The judge who tries an equity case is alone authorized to grant an allowance therein; and it is proper where, in such a case, another judge has granted an allowance, for him to vacate the order, and direct the motion therefor to be heard before the judge who tried the case.
Appeal by defendant in an equity case heard and decided by Judge Robinson.
In 1851, William Hurry was the owner of the lots shown on the following diagram, and numbered one to five inclusive :
Lots Nos. 1 and 2 were conveyed by Hurry in 1851, and lot No. 3, in 1853; and each of the deeds of conveyance contained a covenant as follows :
“ And the said party of the second part, for himself, his heirs and assigns, doth hereby covenant to and with the said Wm. Hurry, his heirs, executors, and administrators, that neither the said party of the second part, nor his heirs or assigns, nor any person claiming under, through, or by means of this conveyance, shall or will at any time hereafter erect upon said lot any other building whatever than a genteel dwelling-house to cover the whole front of said lot, but not to be of greater depth than fifty feet; and which covenant is hereby declared to be a continuing covenant, and to be for the benefit of the owners of the lots now owned by said William Hurry, between this lot and 26th street, so that the same may have freedom of air, light, and vision.”
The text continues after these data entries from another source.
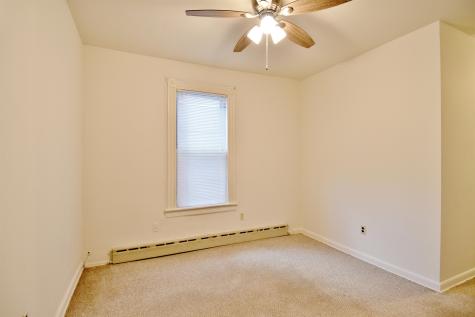 38 East 41st Street Bayonne NJ 07002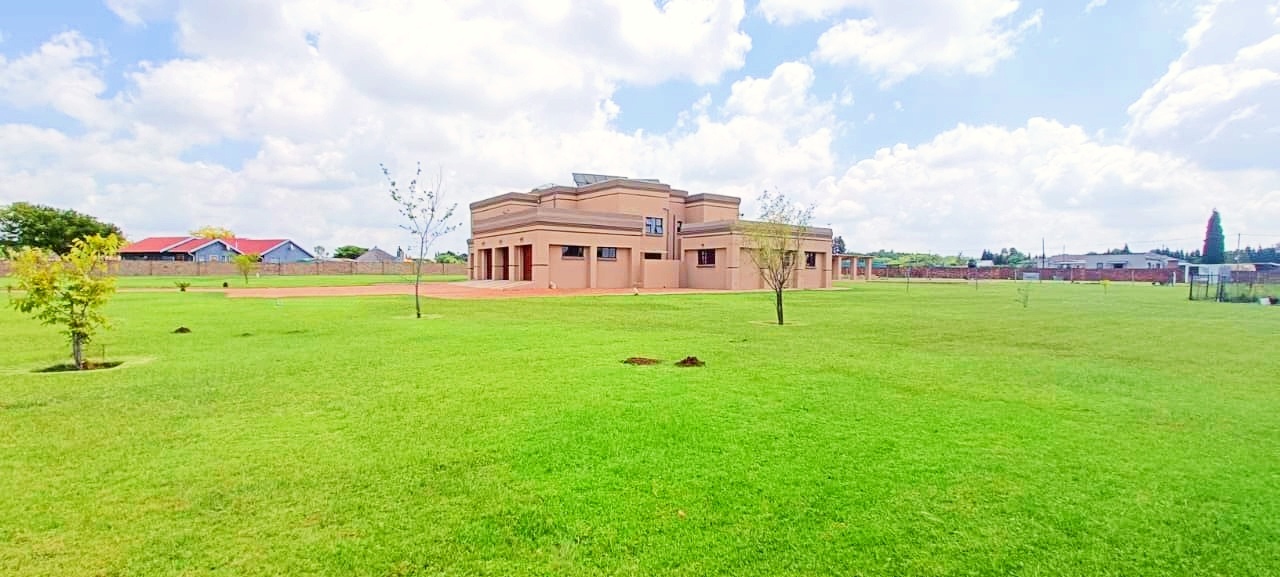 Property Pic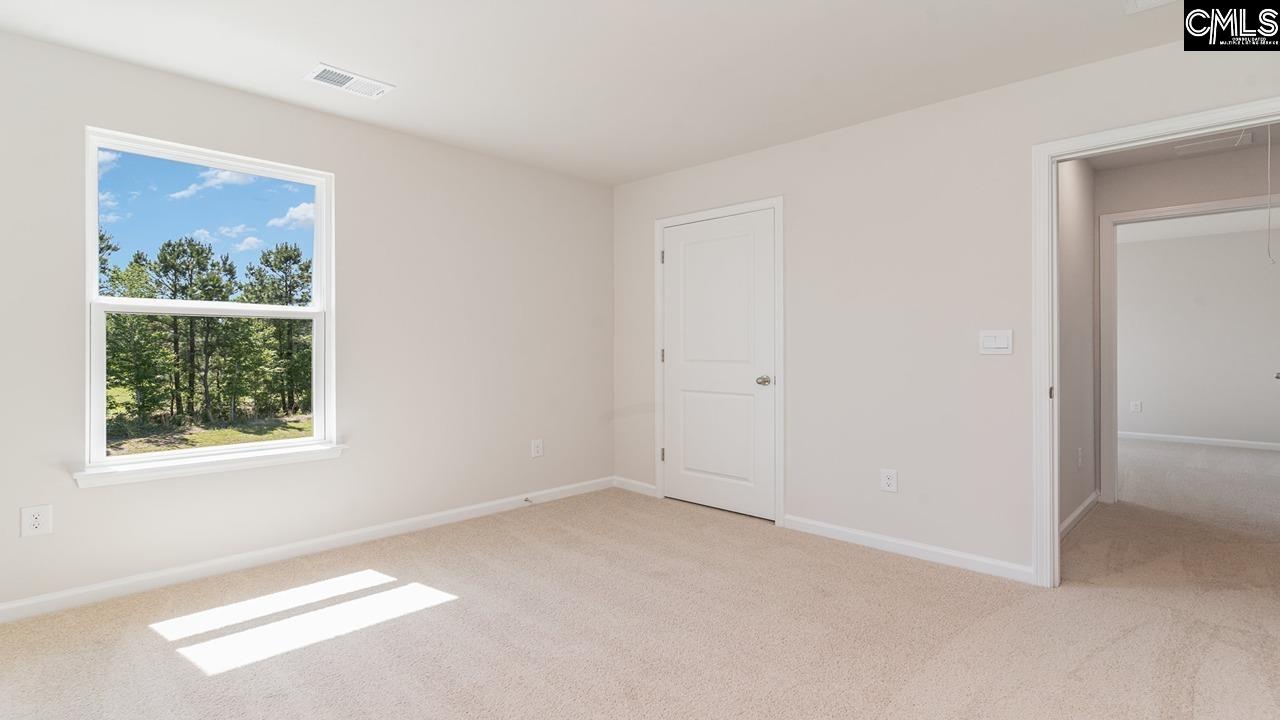 258 Horatio Lane, Lugoff, South Carolina image 25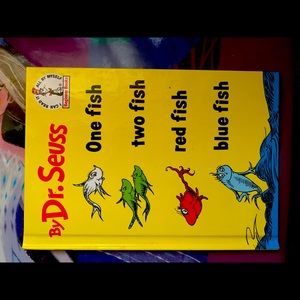 Great condition for a book collection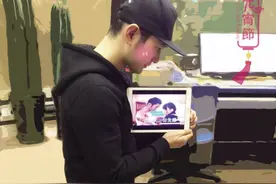 “跪”从何时开始象征屈辱图片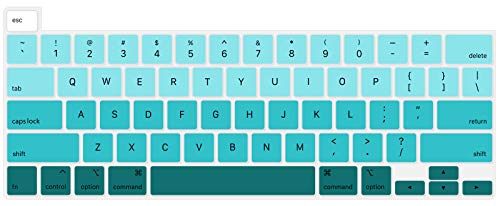Z-Ombre green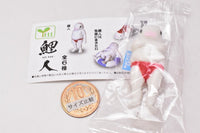 KOIMAN [6.KOIMAN Kangaeru]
In 1855, Hurry conveyed lots Nos. 1 and 5 to the plaintiff, and the deed of conveyance contained the following covenant: “ And the said party of the second part, for herself, her heirs and assigns, doth hereby covenant to and with said William Hurry, his heirs, executors, and administrators, that neither the said party of the second part, nor his heirs or assigns, shall or will at any time hereafter erect any buildings on the said lot of land fronting on Fifth avenue (the “ Ludlow” lot) except a first class dwelling-house, not to exceed fifty feet in depth.”
In 1858, lot Ho. 3 was reconveyed to Hurry, who sold again in 1860, by a deed in which the covenant in the original deed was not in terms renewed, and the defendant derives title to this lot by divers mesne conveyances.
The plaintiff having made a verbal contract of sale of lot Ho. 4, the vendee entered into possession and built a house thereon fifty-nine feet deep. The plaintiff had no knowledge of the fact that this building constructed on this lot was more , than fifty feet deep until after it was built. She however conveyed the lot with the building upon it.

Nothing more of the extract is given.